Paymob, the digital payments provider for the Middle East and Africa, has secured a full operating licence from the Central Bank of the United Arab Emirates, enabling the company to play an important role in the country’s digitisation.
Although Paymob has operated in the UAE since 2022 with an in-principle licence, the Egypt-based payments provider anticipates that the full licence will unlock new opportunities for growth.
Speaking to The Fintech Times, Islam Shawky, co-founder and CEO of Paymob, explained that it sees obtaining the licence as a huge step towards helping it realise its ambitions; given that the UAE is the largest financial and trade hub of the entire Middle East.

“There are a lot of initiatives in the UAE aiming to boost entrepreneurship and to boost the digital economy,” Shawky explained. “From a government perspective, there’s a huge push and a lot of national initiatives and I feel we are very fortunate to get the license at this time. I feel that we’re on the verge of an inflection point of digitisation here that we want to be a part of.”
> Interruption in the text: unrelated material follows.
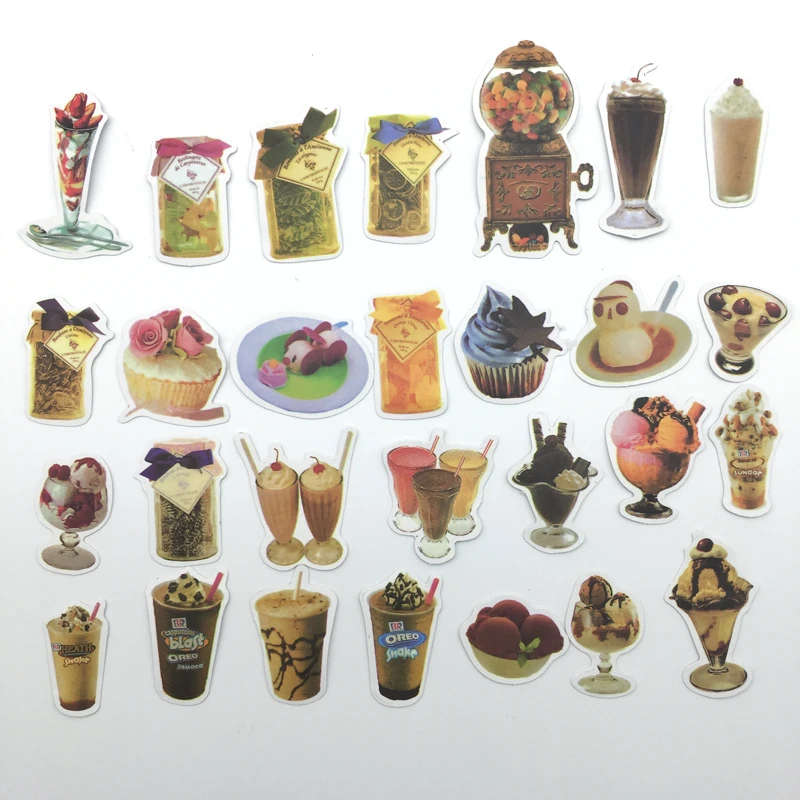 30 шт. креативные kawaii милые самодельные акварельные сладкие напитки декоративные Стикеры для скрапбукинга стикер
Having secured the operating licence, Paymob now has plans to further expand its team by onboarding at least 50 new employees in the coming months, with further ambitions to expand to over 100 in the next 12 to 18 months. This aggressive growth plan is supported by the company’s recent fundraising efforts, led by the European Bank for Reconstruction and Development (EBRD), as it anticipated securing the licence and recognised the need for a healthy balance sheet to allow Paymob to heavily invest in the UAE.
“Effectively we want to capture the UAE market,” Shawky adds. “In Egypt, we processed half a per cent of GDP last year. Because in the UAE, a much later portion of the economy is digitised, we feel that we can far surpass this – and in less time.”
Accessing instant settlement
Much of this expected growth comes from the standardised infrastructure across the UAE, which Paymob can now leverage to streamline the onboarding process for merchants. This enables it to offer its services quicker and more efficiently. Shawky says that this makes a significant difference to the company compared to the challenges it experiences in Egypt, where the same degree of infrastructure does not yet exist.
“In Egypt, we often encountered challenges with merchants that didn’t have the necessary documentation, like a commercial register or tax ID. In the UAE, the government systems are extremely connected and can be easily used to reduce the cost of onboarding, especially on the KYC component.”
Paymob also sees Aani, the UAE’s instant payment platform, as a key game-changer for merchants. With the full operating licence from the UAE Central Bank, it can interact with Aani – which overcomes a number of challenges traditionally associated with digital payments.
“With digital payments, we are always at a disadvantage to cash. Cash settles instantly, but card payments can experience delays at certain times, or on weekends or holidays. However, Aani gives us the same advantage that cash does – instant settlement. As a result, we’re very bullish about Aani and the prospects of it in the UAE.”